Reading the book above will certainly inspire you to put pen to paper or fingers to keyboard. J Michael Straczynski (aka “JMS” as he often referred to) spends a good amount of time validating the choice to be a writer and to create, even though the amount of work involved is significant.
Part of the work, especially early on, is trying to avoid the people who feed off the hopes and dreams of writers. JMS recounts some notable examples in his own career and he’s not the only one. Mark Evanier has a great column on what he calls “Unfunded Entrepreneurs” ready to harness your creativity for absolutely nothing in return. The fact that the article is over 20 years old yet still relevant is sobering. On Scriptnotes, both John August and Craig Mazin regularly debunk the bullshit “realities of the industry” presented by less-than-honorable producers, agents, and managers, eager to gaslight young writers. Basically, there’s a whole host of people who want to make money off, not their dreams, but yours.

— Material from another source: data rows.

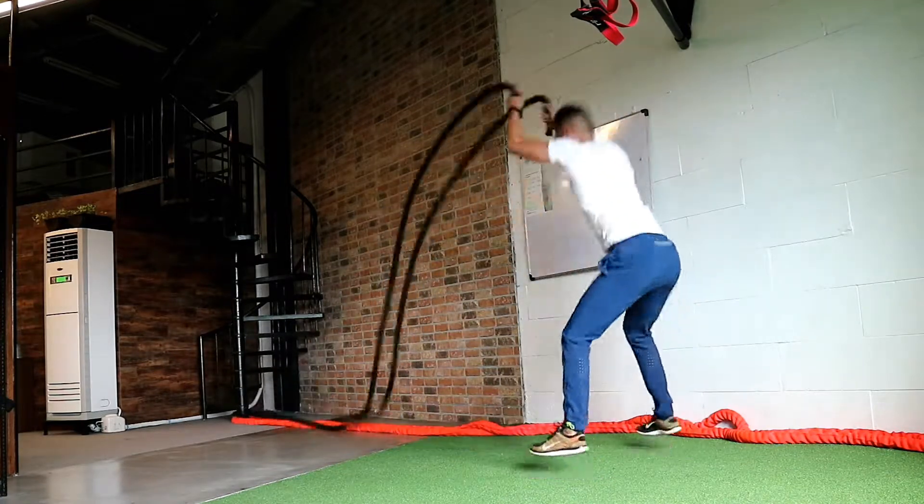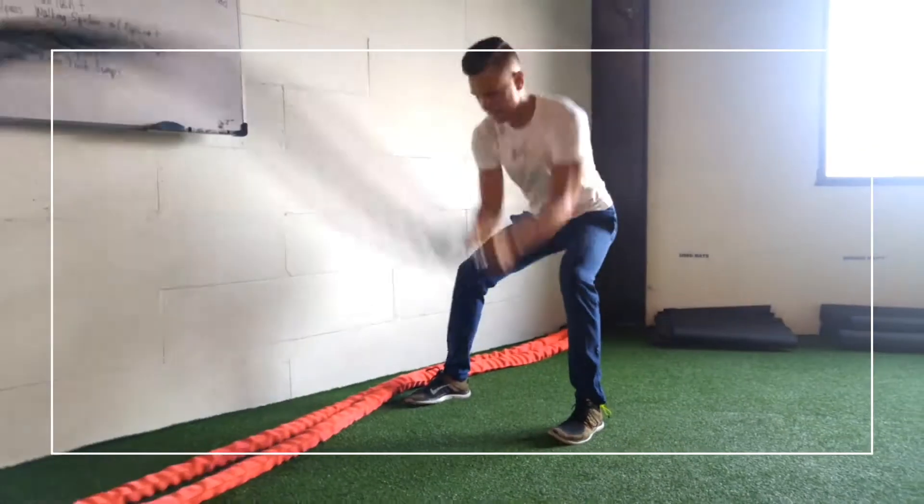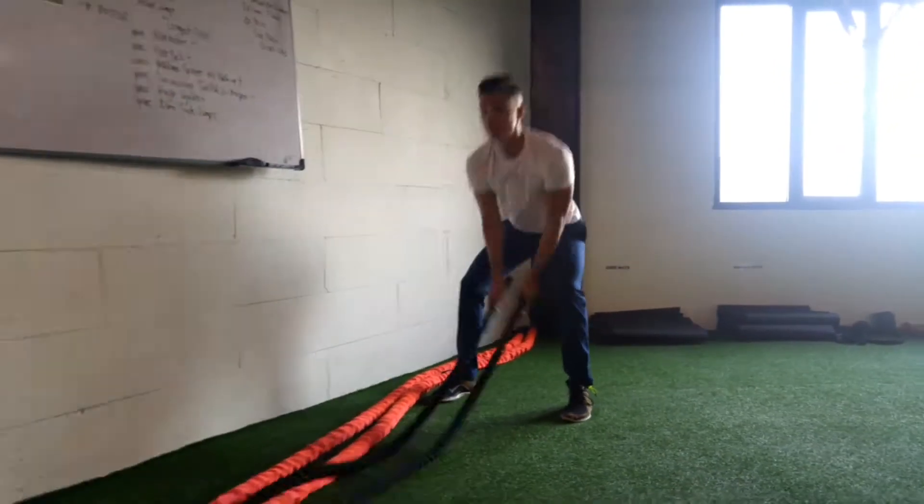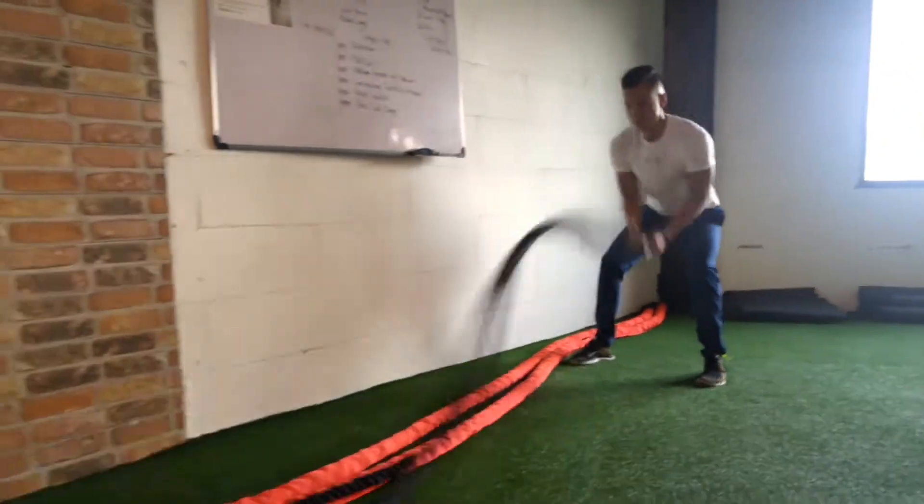This is something you can try — even jumping big waves. Give this a try and you'll see the same exercises just done in different waves makes a big difference.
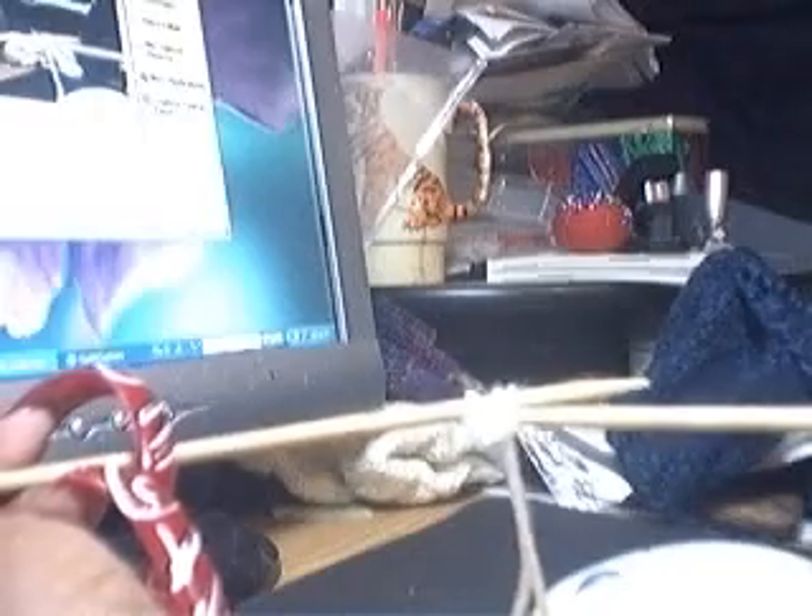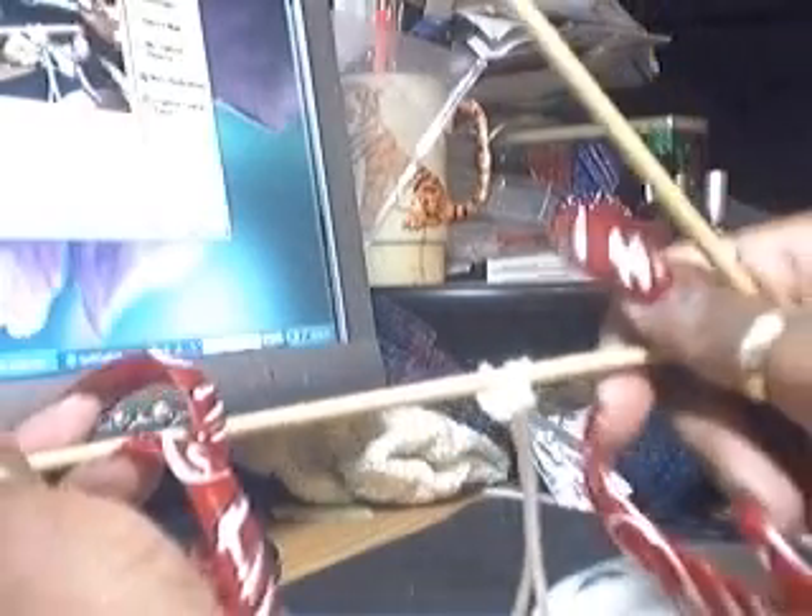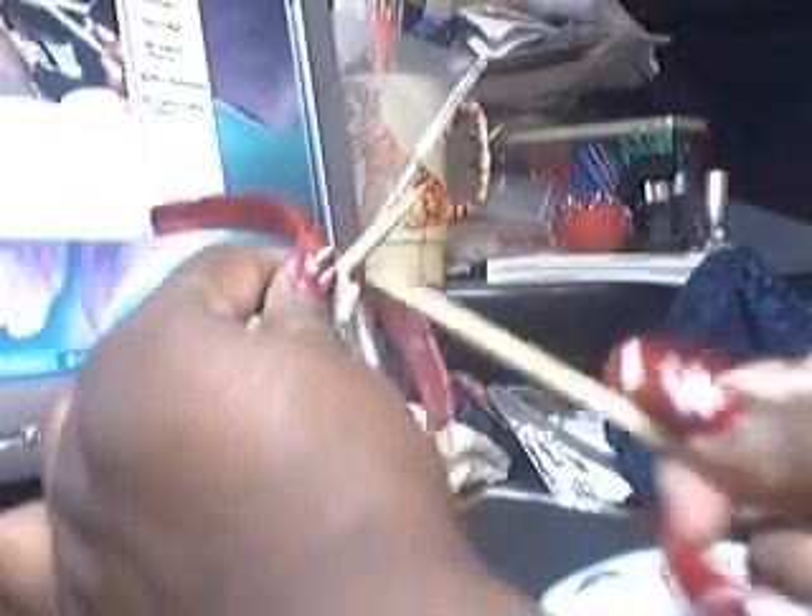Hi, this is Yvonne again and I'm going to show a knitted cast on. It's a good cast on, I think, for a beginner to learn how to do it. It's easy. You're using both needles so you get in the motion of practicing the knit stitches itself.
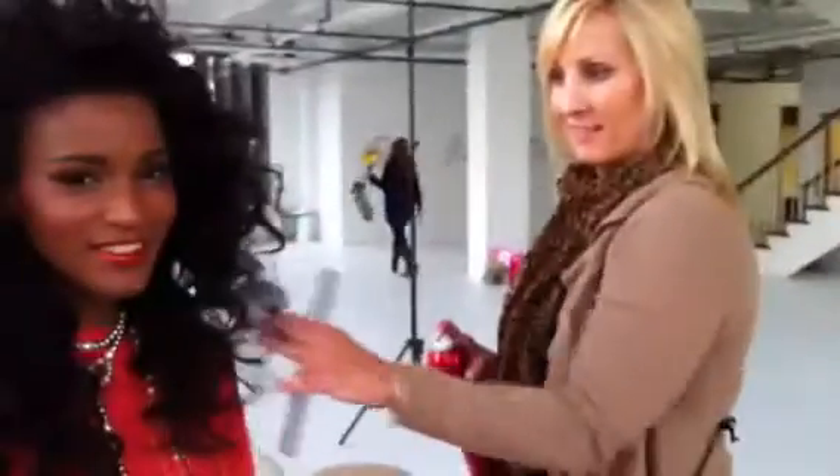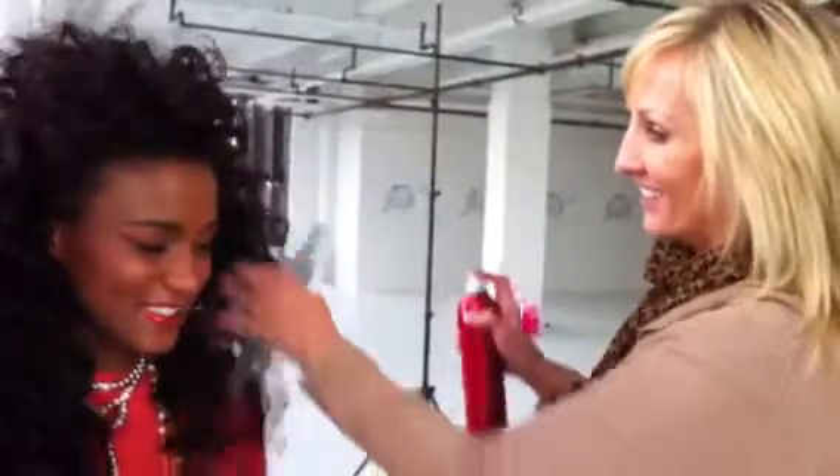What do you think? Great. Say hi. Hi. And the smell is nice. It smells nice too. That's great too.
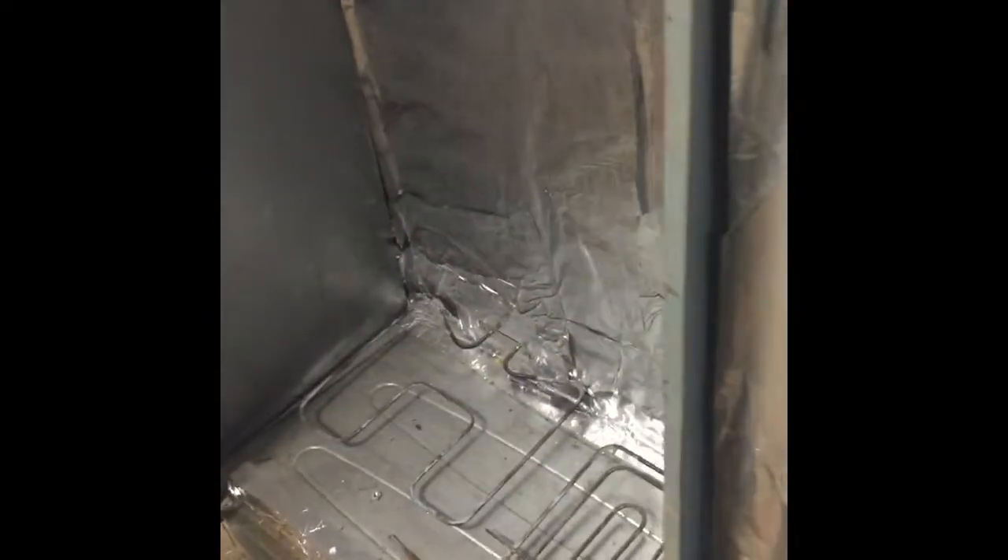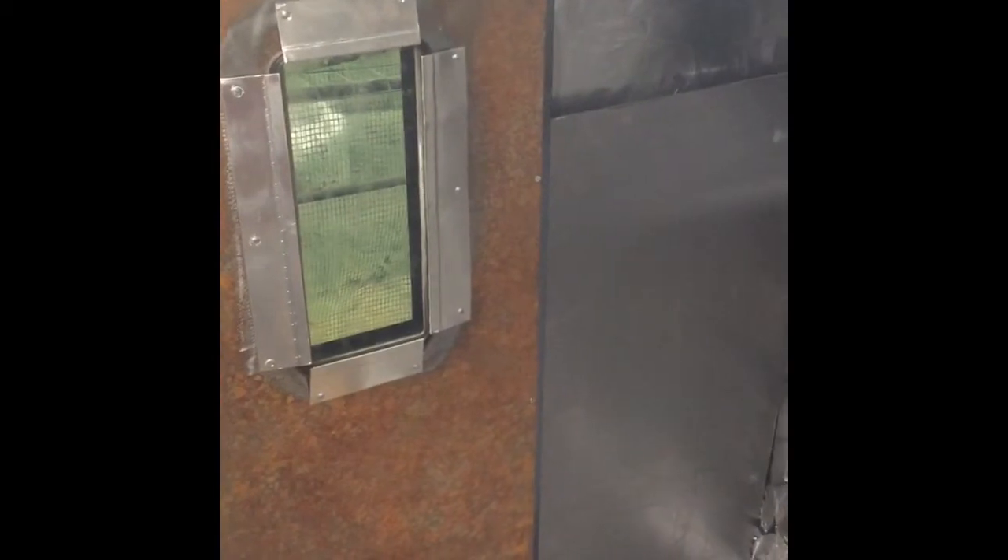Once I get all this done it's quite easy to give it another go with the same elements and see what happens. If I'm still struggling, I've got the element I took off the other oven and I could put maybe an additional one in there if it needs more heat at the top to try and get the temperature I need as quickly as possible.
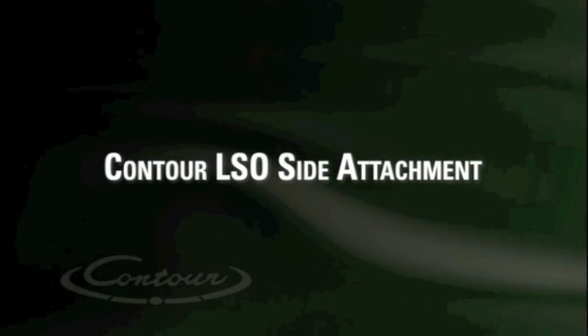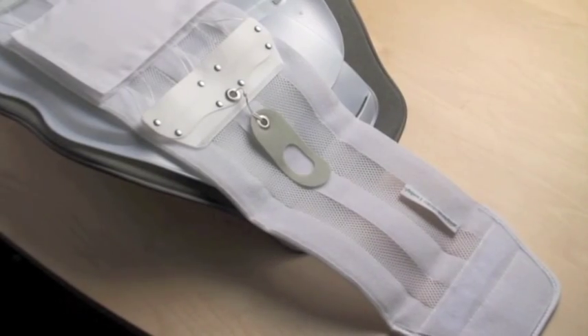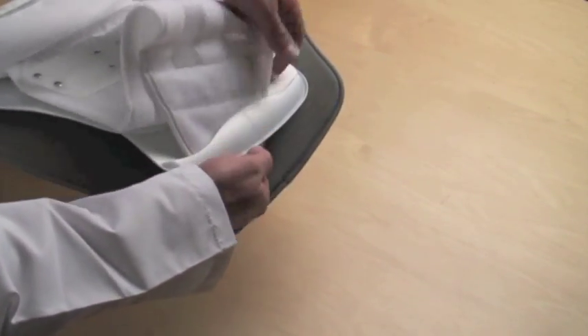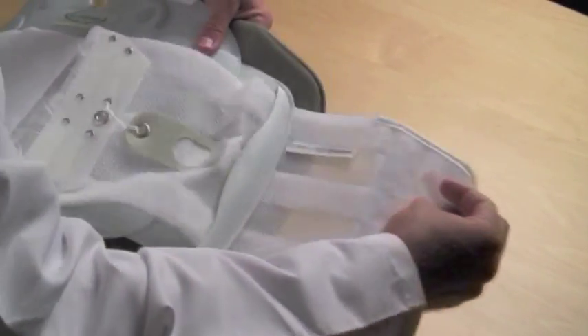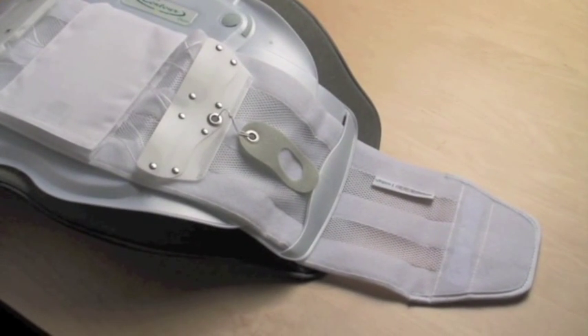The Contour LSO side attachment. When using a 15-inch back panel, there are no vertical straps. To keep the Quickdraw in place, the side panels are equipped with slots. Simply thread the Quickdraw through these slots before applying, removing the wrap if needed.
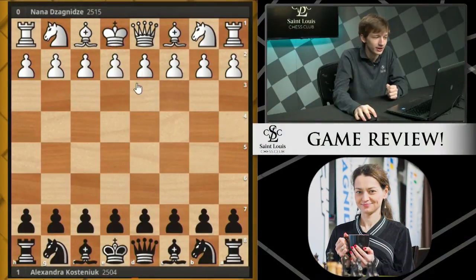This was a game played very well by Alexandra, and we're going to see some endgame technique in this one. A lot to look forward to here, so let's just jump into it and see what we've got.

In fact, writer-producer CJ Walley contends that this host of people is a fixture within the Hollywood ecosystem in a page on his site, Script Revolution, documenting what he terms “Goldrush Economics.”
It’s hard, because in many other walks of life, “you get what you paid for” rings true. And I certainly have encountered too many filmmakers in the indie sphere who should go ahead and spend the money for that location or extra gear rental or, I dunno, cast and crew health and safety?
But within that space come the gaslighters, trying to convince people that they are the ones that can make connections, open the right doors, and that you need to pay to play… and doesn’t everyone want to play?
And this isn’t to say there aren’t useful services for writers and aspiring writers out there, but for too many of these would-be indispensable middle men and women, you mention free resources or anything involving running stuff by lawyers and you get a nigh-on allergic reaction. This should always raise red flags.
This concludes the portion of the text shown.